Knowing another language can come in handy. For example, I recall enough from my high school and college French classes to be able to get by – or at least ask for directions to the bathroom – if I ever find myself in France. And, my years in law school and law practice armed me with enough arcane “Legalese” (not an actual language, but derived from Latin) terms and phrases to be able to navigate the legal system.
I also know corporate-speak. Most of that, however, is just plain silly.
The Wall Street Journal recently surveyed business executives to get their take on which corporate buzzwords should be banned from the boardroom. While I agree that all of the winning(?) terms are over-used, I think that a few do convey helpful imagery and are therefore worth keeping, namely “push the envelope,” “out of the box,” and “low hanging fruit.” That’s about it, though. “Going forward?” Unnecessary, extra words. “Game change?” Business is not a game. “Ideate?” What exactly does that mean, anyway? And “reach out?” I’m not sure why, but that one has always made me cringe.
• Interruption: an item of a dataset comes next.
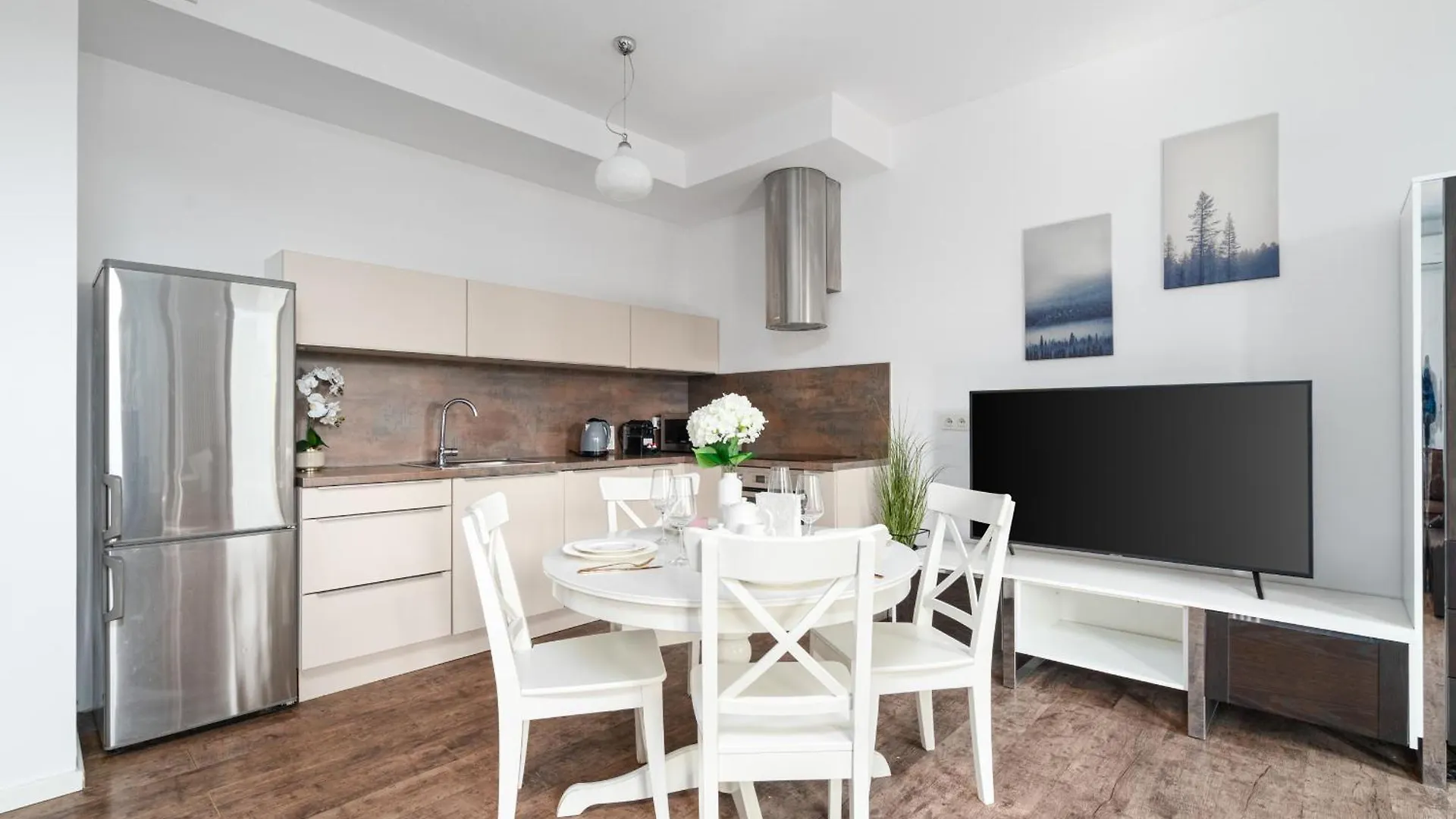Central Warsaw Apartment - Great Location - One Bedroom Apartment - Kolejowa Poland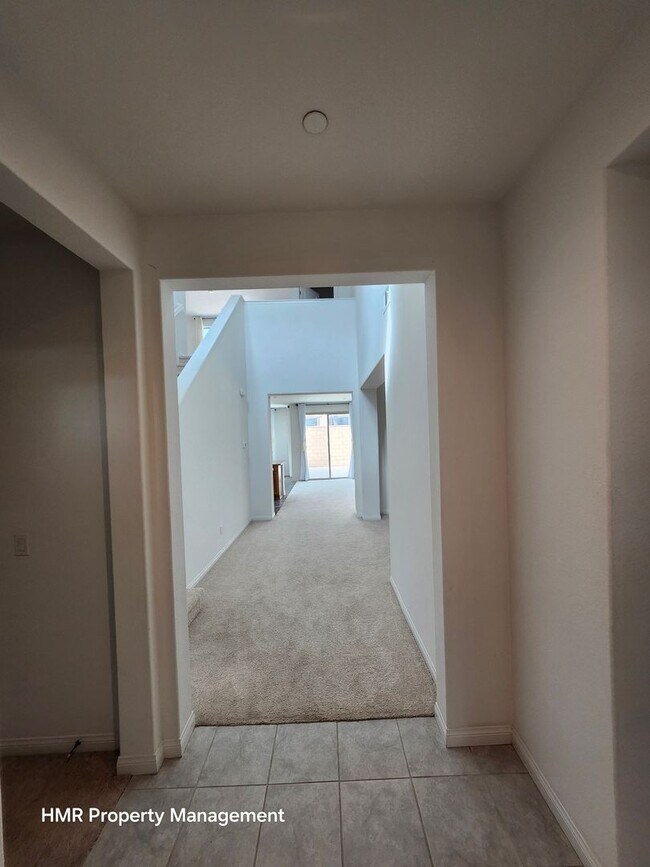Building Photo - Beautiful two story 5 bedroom in ontario R...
Corporate-speak is so pervasive in the business world that I used to amuse myself by amassing my own collection of boardroom bromides. Here are some representative gems, all taken from real-world meetings, presentations, calls, and emails, and most uttered by otherwise smart and talented people:
“interesting data point”
“fortify our talent roadmap”
“brand refresh rollout”
“drive efficiencies and standardization”
“deliver incremental customer value”
“internal stakeholder support”
“socialize the draft to the team”
“socialize it for input”
“generate differentiated value”
“surface the concerns”
And the list goes on … but I’ll spare you.